(Records from a dataset)
Content starts

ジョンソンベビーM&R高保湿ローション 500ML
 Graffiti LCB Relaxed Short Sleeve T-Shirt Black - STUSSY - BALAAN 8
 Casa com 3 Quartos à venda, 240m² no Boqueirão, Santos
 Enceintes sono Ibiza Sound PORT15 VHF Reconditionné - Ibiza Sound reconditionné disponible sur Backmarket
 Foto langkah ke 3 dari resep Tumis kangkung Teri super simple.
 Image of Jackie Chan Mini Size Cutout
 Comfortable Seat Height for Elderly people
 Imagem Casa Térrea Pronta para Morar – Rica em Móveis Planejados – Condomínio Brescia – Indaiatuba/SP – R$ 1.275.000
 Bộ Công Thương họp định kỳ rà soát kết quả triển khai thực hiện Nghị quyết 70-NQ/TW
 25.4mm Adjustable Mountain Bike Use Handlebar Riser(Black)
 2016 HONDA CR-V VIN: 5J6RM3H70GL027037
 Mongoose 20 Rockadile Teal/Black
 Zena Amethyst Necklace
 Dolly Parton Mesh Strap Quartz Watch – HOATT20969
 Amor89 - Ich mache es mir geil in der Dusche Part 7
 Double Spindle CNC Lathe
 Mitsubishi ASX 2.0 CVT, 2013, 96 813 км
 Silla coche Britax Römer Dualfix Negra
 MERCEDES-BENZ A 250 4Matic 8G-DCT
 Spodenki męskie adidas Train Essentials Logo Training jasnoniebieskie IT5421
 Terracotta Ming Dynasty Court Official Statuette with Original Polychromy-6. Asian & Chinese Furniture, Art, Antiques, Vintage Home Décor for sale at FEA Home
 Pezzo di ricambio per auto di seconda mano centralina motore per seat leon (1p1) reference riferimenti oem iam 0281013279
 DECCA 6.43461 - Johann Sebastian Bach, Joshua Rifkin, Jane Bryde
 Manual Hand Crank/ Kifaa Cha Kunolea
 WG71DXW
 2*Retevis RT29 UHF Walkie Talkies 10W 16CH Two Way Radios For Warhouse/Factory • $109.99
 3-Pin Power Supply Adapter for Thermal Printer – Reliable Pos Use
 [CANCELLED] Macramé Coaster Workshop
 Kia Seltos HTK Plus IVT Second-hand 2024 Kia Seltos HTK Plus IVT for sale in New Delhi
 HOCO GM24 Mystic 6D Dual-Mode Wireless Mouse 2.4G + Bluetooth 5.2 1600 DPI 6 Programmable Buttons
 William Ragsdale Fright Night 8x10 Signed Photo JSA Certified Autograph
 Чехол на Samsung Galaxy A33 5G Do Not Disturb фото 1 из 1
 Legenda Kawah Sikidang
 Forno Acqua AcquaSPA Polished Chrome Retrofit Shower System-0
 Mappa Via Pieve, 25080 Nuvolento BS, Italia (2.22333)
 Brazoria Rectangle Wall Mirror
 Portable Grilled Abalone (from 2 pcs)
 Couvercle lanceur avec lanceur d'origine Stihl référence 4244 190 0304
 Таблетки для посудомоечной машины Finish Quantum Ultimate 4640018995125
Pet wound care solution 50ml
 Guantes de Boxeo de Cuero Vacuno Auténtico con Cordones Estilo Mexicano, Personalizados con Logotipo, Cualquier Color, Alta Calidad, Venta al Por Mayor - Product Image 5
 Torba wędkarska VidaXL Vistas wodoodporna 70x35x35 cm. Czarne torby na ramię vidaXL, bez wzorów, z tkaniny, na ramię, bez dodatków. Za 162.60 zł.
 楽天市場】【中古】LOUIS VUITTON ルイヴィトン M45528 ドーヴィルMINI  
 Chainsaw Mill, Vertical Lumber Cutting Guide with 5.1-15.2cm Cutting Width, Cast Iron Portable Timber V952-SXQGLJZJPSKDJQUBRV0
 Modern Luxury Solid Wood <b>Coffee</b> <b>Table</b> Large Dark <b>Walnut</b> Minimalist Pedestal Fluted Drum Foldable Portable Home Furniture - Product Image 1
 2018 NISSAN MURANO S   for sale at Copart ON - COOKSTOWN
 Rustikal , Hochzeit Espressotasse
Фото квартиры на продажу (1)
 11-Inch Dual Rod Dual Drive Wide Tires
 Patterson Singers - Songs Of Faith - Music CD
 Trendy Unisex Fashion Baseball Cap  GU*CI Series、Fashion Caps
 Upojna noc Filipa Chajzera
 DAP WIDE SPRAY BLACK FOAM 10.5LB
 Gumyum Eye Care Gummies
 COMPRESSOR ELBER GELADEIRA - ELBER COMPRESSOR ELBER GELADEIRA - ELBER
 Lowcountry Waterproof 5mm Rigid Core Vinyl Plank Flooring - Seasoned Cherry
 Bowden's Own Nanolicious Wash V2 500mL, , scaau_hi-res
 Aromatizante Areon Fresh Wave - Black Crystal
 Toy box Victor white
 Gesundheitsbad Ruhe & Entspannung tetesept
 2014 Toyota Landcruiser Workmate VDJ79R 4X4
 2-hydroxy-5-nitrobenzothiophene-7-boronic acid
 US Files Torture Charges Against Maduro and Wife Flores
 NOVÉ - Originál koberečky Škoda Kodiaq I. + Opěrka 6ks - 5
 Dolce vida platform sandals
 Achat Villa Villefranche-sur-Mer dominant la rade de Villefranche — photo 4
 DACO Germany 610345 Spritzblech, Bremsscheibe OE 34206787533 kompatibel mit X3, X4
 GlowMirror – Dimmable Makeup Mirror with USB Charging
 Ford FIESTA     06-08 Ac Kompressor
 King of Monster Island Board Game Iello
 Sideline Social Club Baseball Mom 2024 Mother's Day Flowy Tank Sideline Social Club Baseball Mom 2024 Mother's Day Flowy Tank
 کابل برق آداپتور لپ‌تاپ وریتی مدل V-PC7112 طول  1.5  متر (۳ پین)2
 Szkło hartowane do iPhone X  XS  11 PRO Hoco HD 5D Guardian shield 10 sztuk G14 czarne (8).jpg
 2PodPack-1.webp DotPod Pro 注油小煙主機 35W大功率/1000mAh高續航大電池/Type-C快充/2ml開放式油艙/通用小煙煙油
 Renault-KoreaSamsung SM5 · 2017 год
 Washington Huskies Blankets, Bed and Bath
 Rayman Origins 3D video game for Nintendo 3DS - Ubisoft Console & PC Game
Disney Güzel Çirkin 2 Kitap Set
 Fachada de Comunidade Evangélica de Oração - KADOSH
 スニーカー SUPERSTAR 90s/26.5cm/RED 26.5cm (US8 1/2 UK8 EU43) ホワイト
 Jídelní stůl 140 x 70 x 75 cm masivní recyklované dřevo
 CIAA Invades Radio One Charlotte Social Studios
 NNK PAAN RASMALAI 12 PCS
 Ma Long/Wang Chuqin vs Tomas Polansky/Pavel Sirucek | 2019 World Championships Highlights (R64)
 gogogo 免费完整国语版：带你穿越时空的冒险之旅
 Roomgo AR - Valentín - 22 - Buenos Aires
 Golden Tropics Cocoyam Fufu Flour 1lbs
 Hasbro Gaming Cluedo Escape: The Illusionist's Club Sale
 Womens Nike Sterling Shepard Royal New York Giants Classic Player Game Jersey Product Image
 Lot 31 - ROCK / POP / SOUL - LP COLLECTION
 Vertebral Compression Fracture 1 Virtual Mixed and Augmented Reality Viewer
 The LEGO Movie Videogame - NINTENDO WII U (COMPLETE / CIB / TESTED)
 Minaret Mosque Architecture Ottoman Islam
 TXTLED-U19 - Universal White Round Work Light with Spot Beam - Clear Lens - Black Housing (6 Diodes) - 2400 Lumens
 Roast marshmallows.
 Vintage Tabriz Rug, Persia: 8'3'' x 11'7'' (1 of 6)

Content ends

## What the task asks
Please give an exact copy of the lines above, beginning with the line containing "2*Retevis RT29 UHF" and running through the line containing "HOCO GM24 Mystic", and of no other lines.

## Response to the exercise
 2*Retevis RT29 UHF Walkie Talkies 10W 16CH Two Way Radios For Warhouse/Factory • $109.99
 3-Pin Power Supply Adapter for Thermal Printer – Reliable Pos Use
 [CANCELLED] Macramé Coaster Workshop
 Kia Seltos HTK Plus IVT Second-hand 2024 Kia Seltos HTK Plus IVT for sale in New Delhi
 HOCO GM24 Mystic 6D Dual-Mode Wireless Mouse 2.4G + Bluetooth 5.2 1600 DPI 6 Programmable Buttons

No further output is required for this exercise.